But the cultural stream, which was for a period called Christianity,
still goes on even though it is changing. Traditional Christians view all
change with caution and even with horror. They speak of the danger of
"throwing out the baby with the bath water". The metaphor is
misleading.
This is well illustrated by the debate between two forms of Christian
liberalism at the beginning of the 20th century. The Protestant liberal,
Adolf Harnack, looked for the permanent essence of Christianity. He was
criticised by the Catholic modernist Alfred Loisy who argued that
Christianity has no permanent and absolute essence. There is no
"baby". There is only the bath water, or what I prefer to regard
as the ongoing Judeo-Christian cultural stream. ("Christianity"

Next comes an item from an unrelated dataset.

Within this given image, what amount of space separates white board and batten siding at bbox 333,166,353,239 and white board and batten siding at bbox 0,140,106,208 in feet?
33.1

is quite a modern term anyway!)
So instead of focusing on Christianity as a thing with an unchangeable
essence which is to be preserved at all cost, we should try to understand
the more extensive and complex Judeo-Christian cultural stream. This
cultural stream is continuous in its flow but ever-changing. New elements
enter and others fall out of sight. It is free to go where the cultural
context leads it. Over many centuries, particularly from the 5th to the
19th centuries of the Christian era, there have crystallised within this
stream various rigid doctrinal and institutional forms. But they do not
constitute the whole stream.
The history and culture of ancient Israel was the chief source from
which this stream issued. But there were many other tributaries flowing
into it, such as Persian Zoroastrianism and Hellenistic philosophy. At the
beginning of the Christian era it was in a particularly fluid state and
divided into two parallel streams. The Jewish stream remained ethnic and
the Judeo-Christian stream became multi-ethnic.
Into the Judeo-Christian stream there flowed tributaries from the Greek
and Roman cultural streams. Through the centuries there have been added to
this stream the thoughts, feelings and personal experiences of countless
generations of people who were both shaped by the stream and contributed
to it. As we look back we can now discern various stages in the life of
the stream - the mediaeval synthesis, the Renaissance, the Reformation,
the Enlightenment, the Evangelical Revival, and now modern secularisation.
This ongoing Judeo-Christian cultural stream is once again in a fluid
state. It has broadened considerably, and is changing quite radically in
character.
Along with all the other major cultural streams from the past it is now
flowing into a global sea. This new global sea of faith cannot help but be
continuous with the Christian past, as it is also with the other great
cultural traditions. The term "sea of faith", apart altogether
from its presence in Matthew Arnold's poem, is a particularly apt
description of today's multi-cultural situation world-wide.
However much the Christian West may be held responsible for bringing
the modern world into being, the Christian stream is not the only one
flowing into the Sea of Faith. All of these streams will have a
contribution to make to the spirituality of the future.
Thus there will not be "only one way" of being religious (as
Christian exclusivists love to assert) but a great variety of ways. There
will not be one exclusive religious organisation operating globally, but
rather a whole host of relatively small and somewhat diverse social
groups, in which the members are bonded to one another on a purely
personal basis.
But if spirituality is to flourish in the global era, these groups must
learn to be inclusive. They must be ready to welcome anyone wishing to
join them and, even in their diversity, will need to acknowledge a very
broad set of common goals and values, such as concern for Earth's future.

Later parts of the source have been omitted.